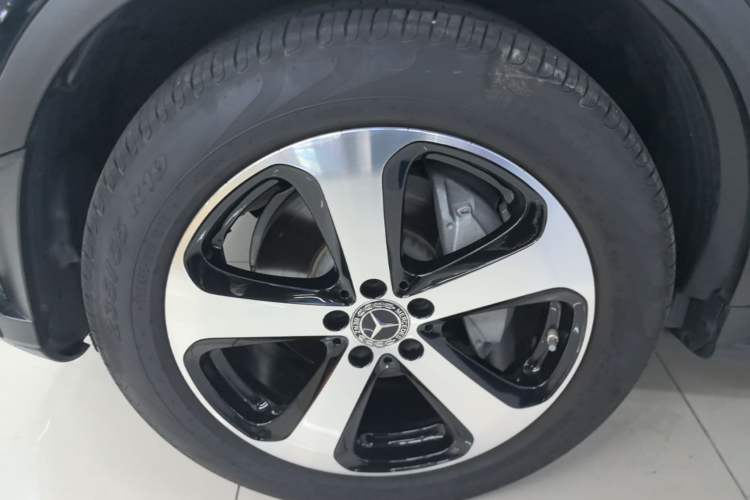 Used Mercedes-Benz GLC 2022 Facelifted GLC 260 L 4MATIC Dynamic Edition Left Front Wheel Hub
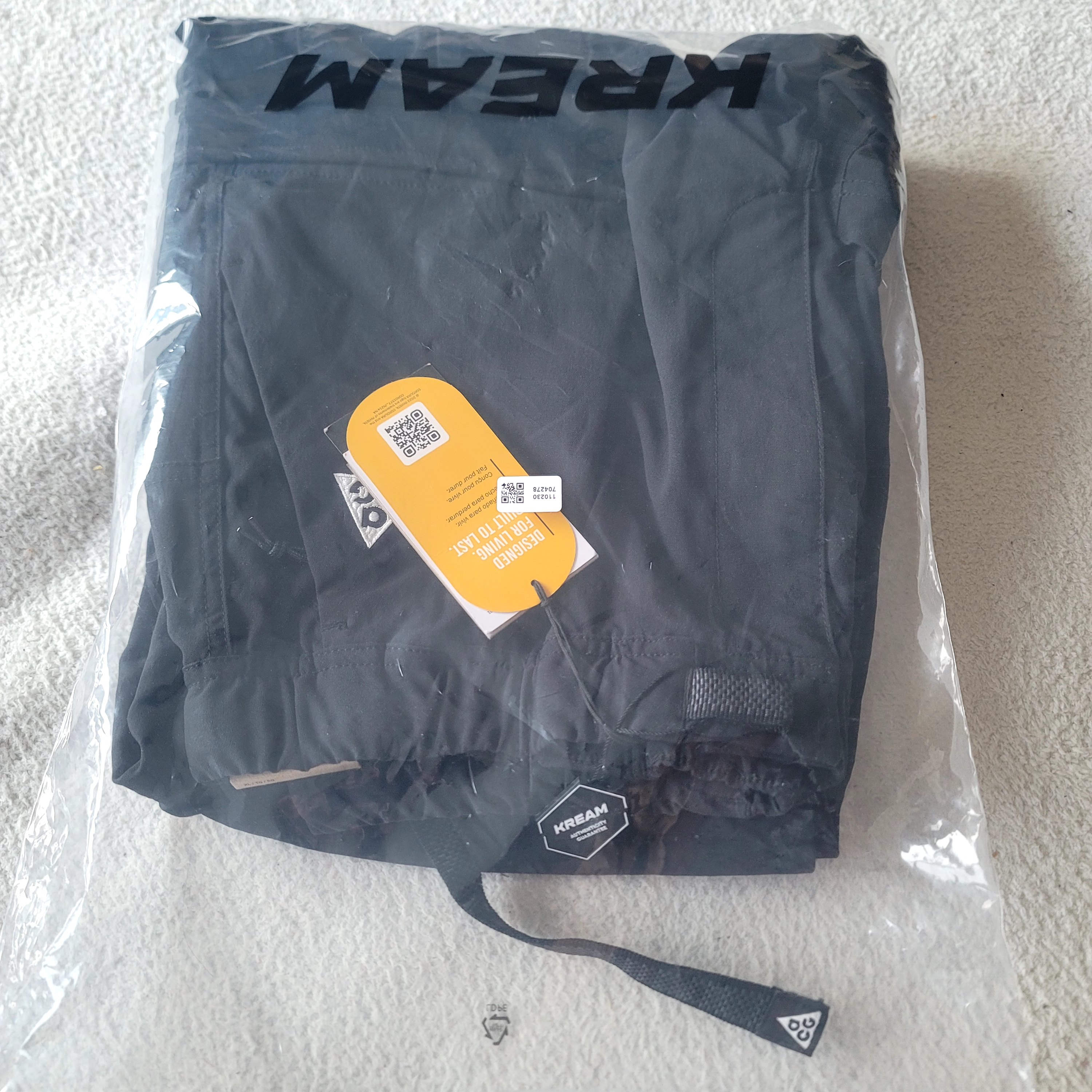 Nike ACG Smith Summit Cargo Pants Black Anthracite - US/EU 착용 스타일 - 3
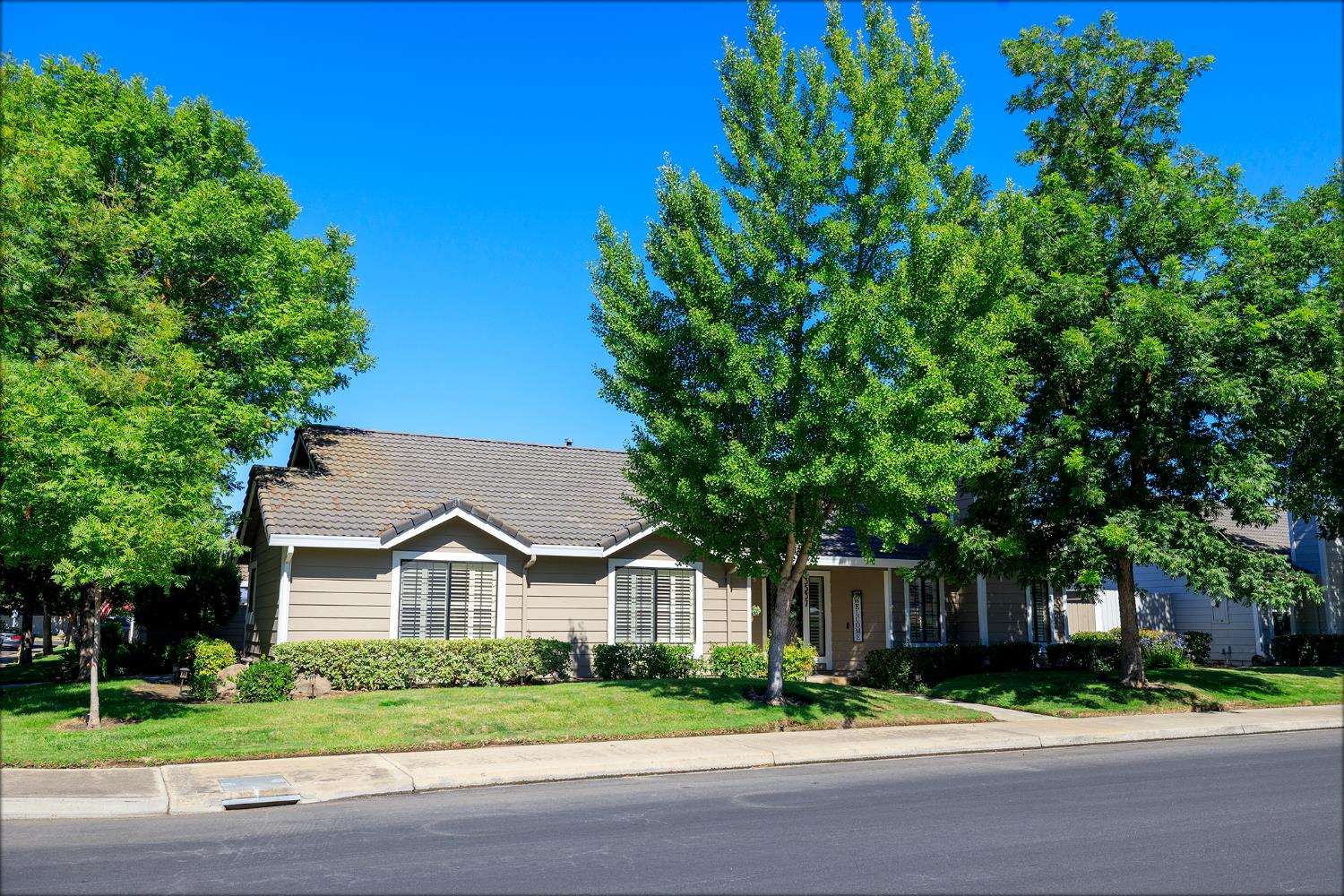 Modesto, California, 95356, United States, 2 Bedrooms Bedrooms, ,2 BathroomsBathrooms,Residential,For Sale,1892896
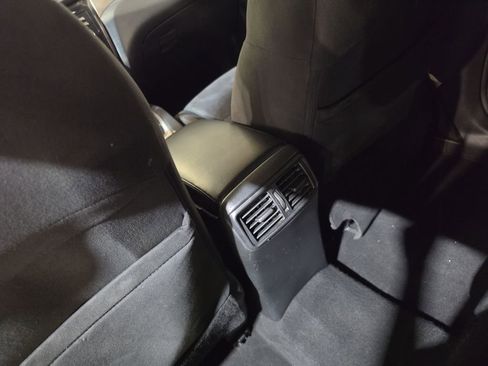 Used 2015 Nissan Rogue SV AWD/4WD image 21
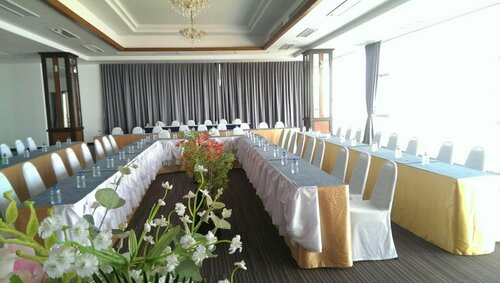 Гостиница Blu Hotel в Накхонпханоме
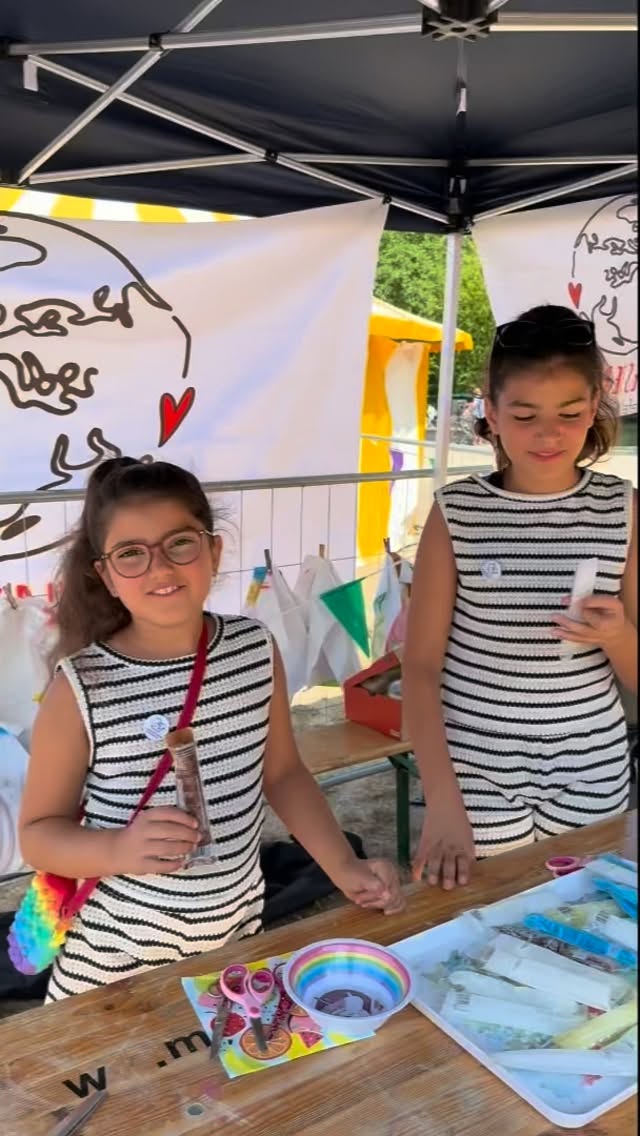 1.000 Wassereis für die Kids bei @spiel_ohne_ranzen.
Danke an @uerdinger_kiosk für die Spende, @mobifantkrefeld für die Gastfreundschaft und an alle Helfer/innen und Besucher/innen.
So ein schöner Tag!🥰😎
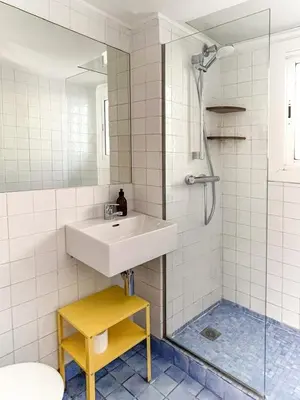Un baño de Parc Golfet - Apartamento para 3 con WiFi, AC y Piscina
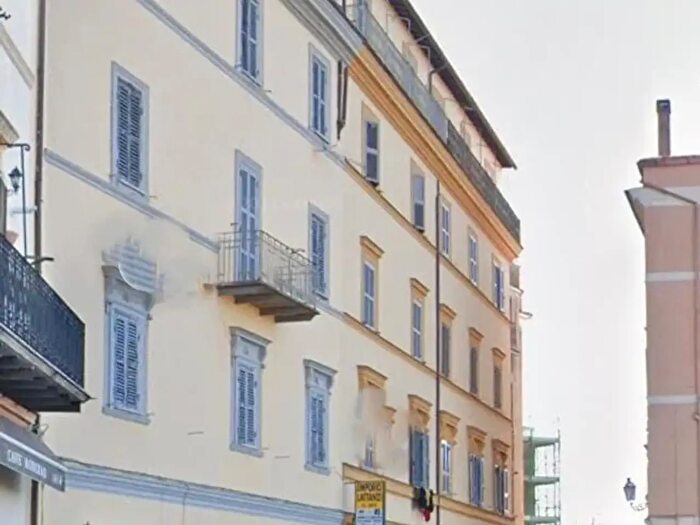 Appartamento quadrilocale in vendita in Viale Umberto I, San Polo Dei Cavalieri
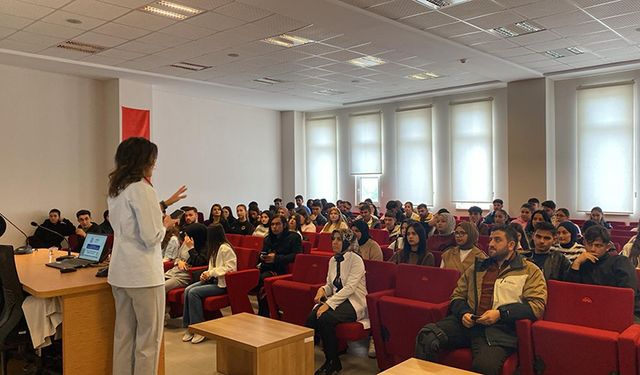 Hitit Üniversitesinde TÜBİTAK Projeleri Eğitimleri Düzenlendi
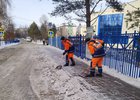 Очистка тротуаров от наледи. Фото пресс-службы администрации Иркутска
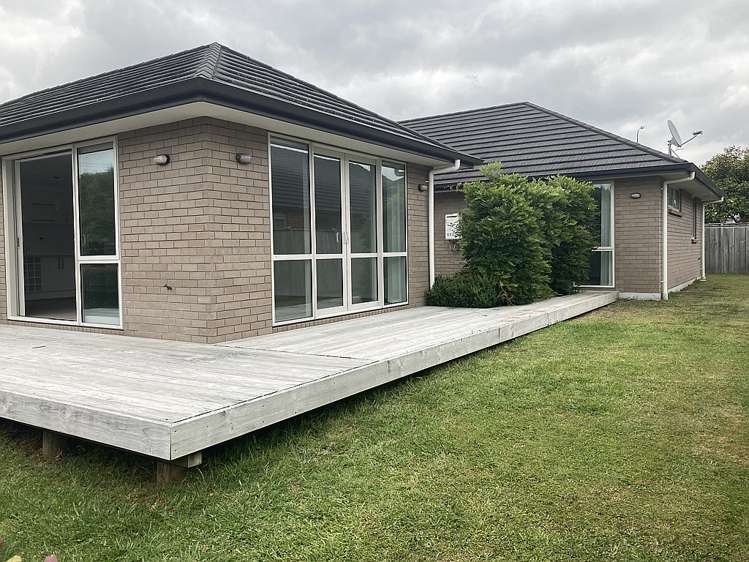 1 Portofino Point Karaka_15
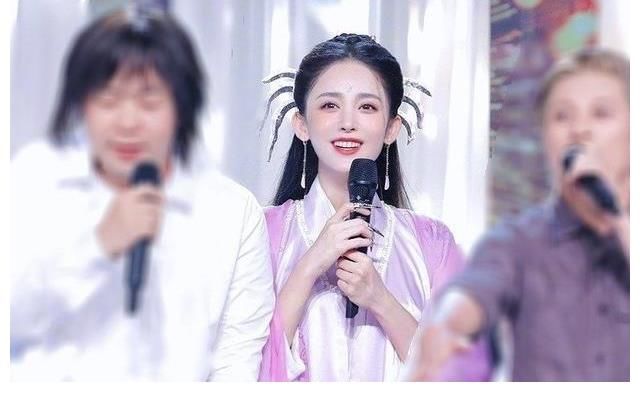 张雨绮|继谢娜张雨绮后,又一女星成《快本》常驻主持,一来就是八期!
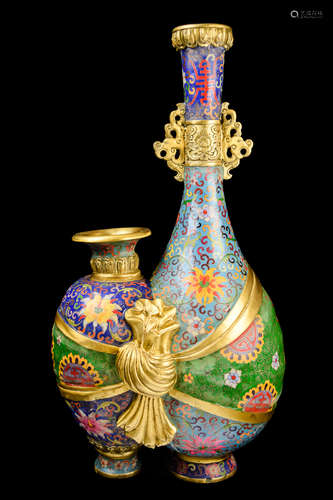 [Chinese] A Cloisonne Tied-Up Dual Vase with Interlocking Flower and Longevity Pattern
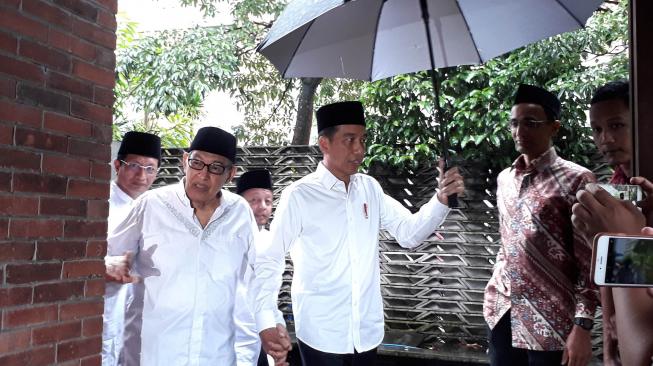 Presiden Joko Widodo (Jokowi) menemui tokoh cendekiawan Islam Quraish Shihab di Pondok Pesantren Bayt Al Quran, Pamulang, Tangerang Selatan, Jumat (25/1). [Suara.com/Ummi Hadyah Saleh]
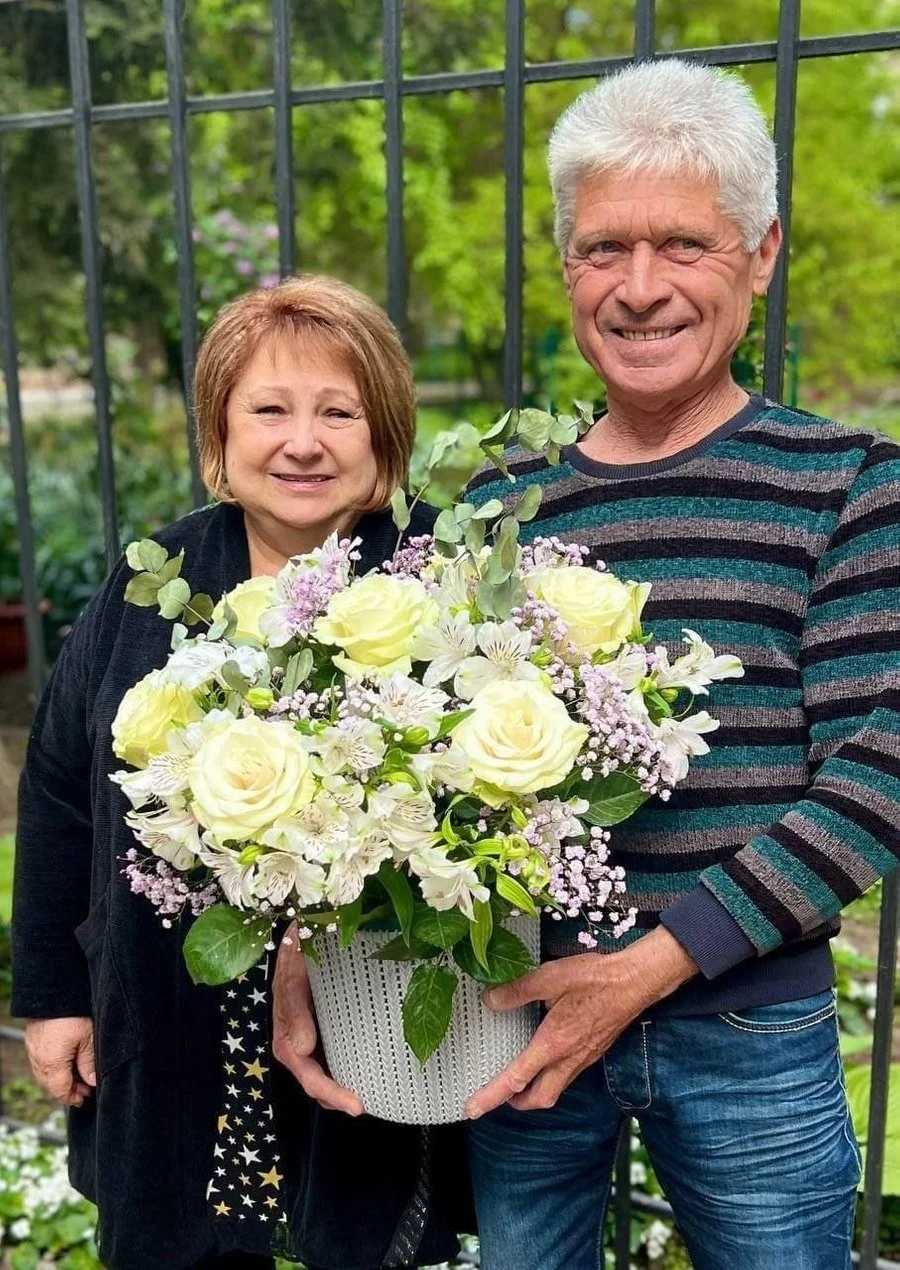 Орнаменти захисту та коло життя: як у Херсоні відроджують традиційну вишивку підлітків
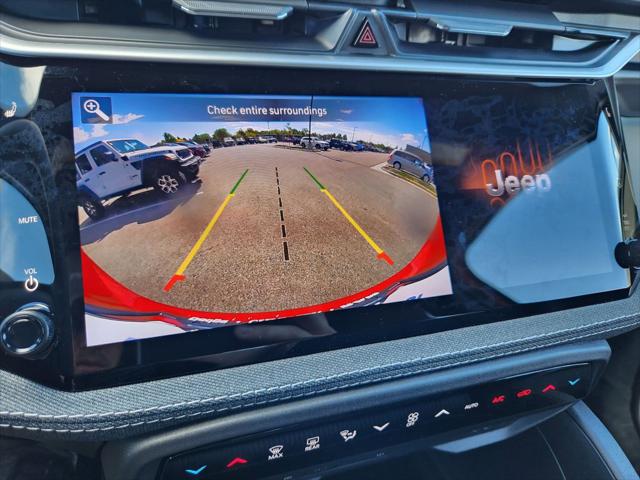 2026 Jeep Cherokee Laredo 4x4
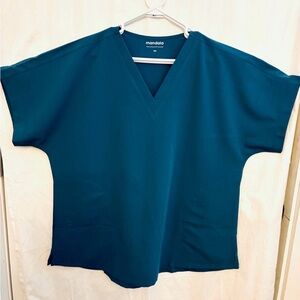 Mandala 3X short sleeve scrub top/ side pockets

**Exercise instructions**
Print only the lines running from the line that contains "Used 2015 Nissan Rogue SV AWD/4WD image 21" to the final line of the listing, both included. Omit every picture.

**Result of the exercise**
 Used 2015 Nissan Rogue SV AWD/4WD image 21
 Гостиница Blu Hotel в Накхонпханоме
 1.000 Wassereis für die Kids bei @spiel_ohne_ranzen.
Danke an @uerdinger_kiosk für die Spende, @mobifantkrefeld für die Gastfreundschaft und an alle Helfer/innen und Besucher/innen.
So ein schöner Tag!🥰😎
Un baño de Parc Golfet - Apartamento para 3 con WiFi, AC y Piscina
 Appartamento quadrilocale in vendita in Viale Umberto I, San Polo Dei Cavalieri
 Hitit Üniversitesinde TÜBİTAK Projeleri Eğitimleri Düzenlendi
 Очистка тротуаров от наледи. Фото пресс-службы администрации Иркутска
 1 Portofino Point Karaka_15
 张雨绮|继谢娜张雨绮后,又一女星成《快本》常驻主持,一来就是八期!
 [Chinese] A Cloisonne Tied-Up Dual Vase with Interlocking Flower and Longevity Pattern
 Presiden Joko Widodo (Jokowi) menemui tokoh cendekiawan Islam Quraish Shihab di Pondok Pesantren Bayt Al Quran, Pamulang, Tangerang Selatan, Jumat (25/1). [Suara.com/Ummi Hadyah Saleh]
 Орнаменти захисту та коло життя: як у Херсоні відроджують традиційну вишивку підлітків
 2026 Jeep Cherokee Laredo 4x4
 Mandala 3X short sleeve scrub top/ side pockets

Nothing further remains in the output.